Stick with the Roundup. We keep you updated on the prescient, the weird and the real.

 

11 Comments

  1. “But atheists aren’t necessarily as charitable to Christians.” Really? Walker’s church/state issue is comparable to a Christian thinking about not attending a daughter’s wedding?

    To make them comparable, it would be better to find a story of an atheist parent thinking about refusing to attend a child’s church wedding. I look forward to reading that in a future edition of Religious News’ Roundup.

    • Franky FalseEquiv

      Seconded.

      The most common critique of (new) atheists I see (aside from how they are borderline 2nd class citizens that will rot in hell), is that when they criticize religion they prop up a caricature of religion/religious groups and then unfairly mock/ridicule the caricature (and thus ignore the diversity of religious approaches to life). The caricature of atheists as angry/bitter/unreasonable is tired and worn out. People who don’t believe in any of the currently popular gods go to religious weddings all the time and sit there quietly and respectfully like everyone else.

      • You are wrong.

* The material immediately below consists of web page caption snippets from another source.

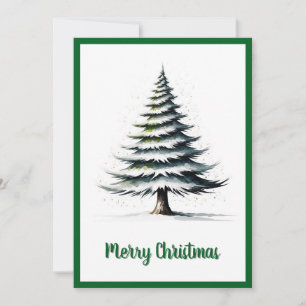 Elegant Stylish Rustic Watercolor Christmas Tree Holiday Card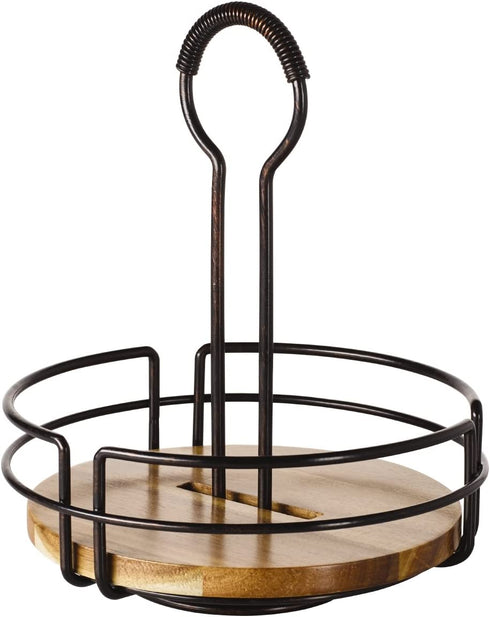 Gourmet Basics by Mikasa Handover Acacia Wood Rotating Condiment Caddy, One Size, Antique Black
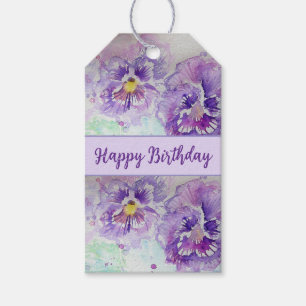 Etiqueta Para Presente Pansor Roxo Aquarela Feliz Aniversário Tag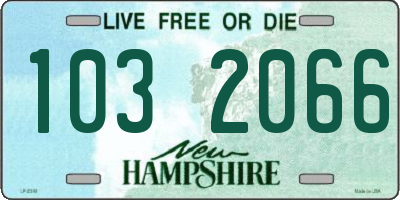NH license plate 1032066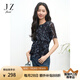 玖姿（JUZUI）藝術(shù)感印花網(wǎng)紗短袖打底衫2025夏季新款JTFX80308 花丈青 M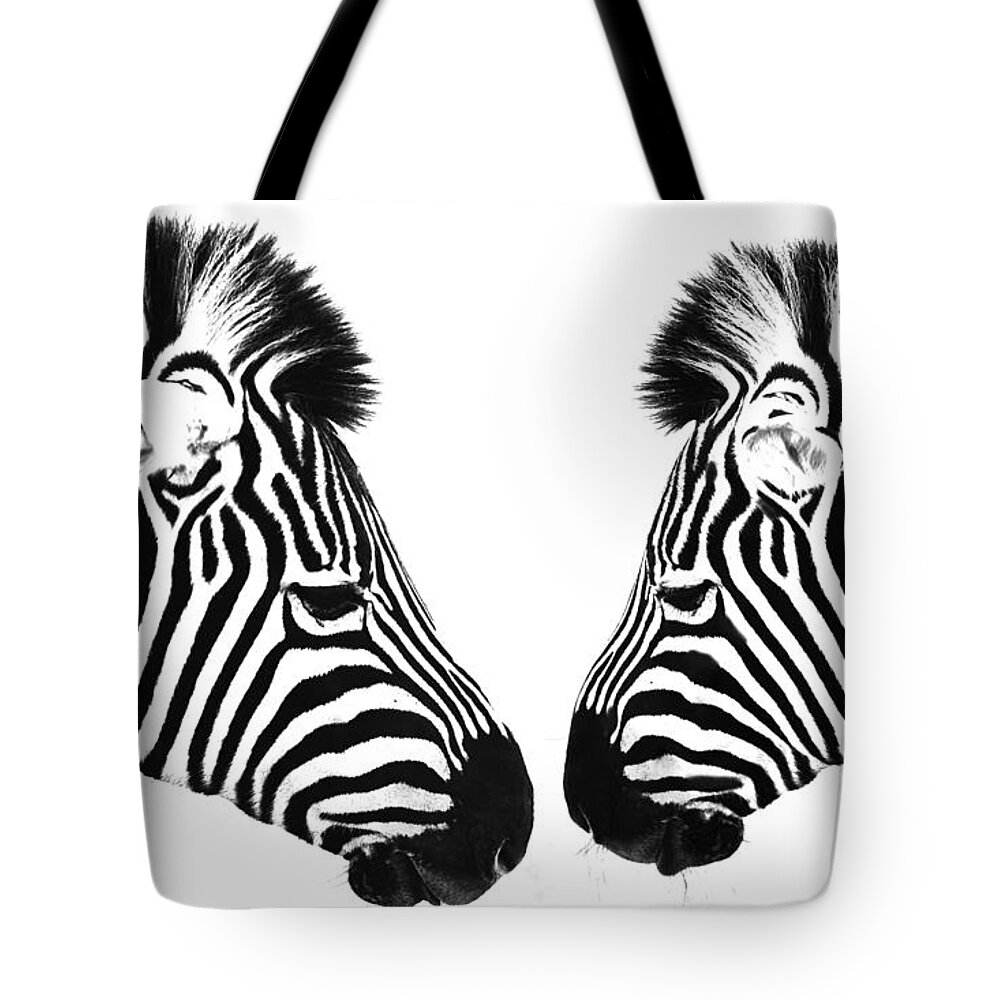 Zebras Tote Bag featuring the photograph Zebras by Sheila Smart Fine Art Photography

Pick any religion’s character that you want and we will have just as much fun as when we choose one of YOUR religions characters and make fun of them. Doesn’t matter what ‘god’ it is, or what religion, there’s always something Cray Cray going on that we can laugh at. It’s the only way we get through life as a minority that’s constantly being harassed.

        • “Pick any religion’s character that you want and we will have just as much fun..” The religion that is “picked” had better not be islam. That cannot be done in today’s America. You will never see a comedian making fun of islam. Also, you will not see anything in the American press that would offend our muslim citizens.

  2. J.C. Samuelson

    “But atheists aren’t necessarily as charitable to Christians.”

    Really? Fabulous generalization you’ve added to the conversation, Mrs. Shimron. And you’re a managing editor? How is you’re unaware of the ceaseless comments by Christians (and others) throughout history that atheists are “immoral,” or more recently that they are “perverts,” that they deserve to be rounded up in camps, and the incredible variety of other slurs based on one or more disparaging themes? Christians (in general) more polite or charitable to atheists (in general)? Not in my experience, regardless of how prickly the Dawkinses & Hitchenses of the world might seem to some.

    Maybe even more shocking is that someone affiliated with respectable journalism actually sourced “The Blaze,” a project of that paragon of sanity, Glenn Beck! Seriously? You could find nothing better?

    As for the issue at hand, it is just a tweet, after all. Seems hardly worth the effort to fight over. But then again, that cuts both ways too. Since Mr. Walker represents people with diverse beliefs, perhaps he should stick to commenting on issues rather than weighing in on his religious faith. It’s easy enough for him to just take it down and save those comments for other venues when he’s not acting in an official capacity.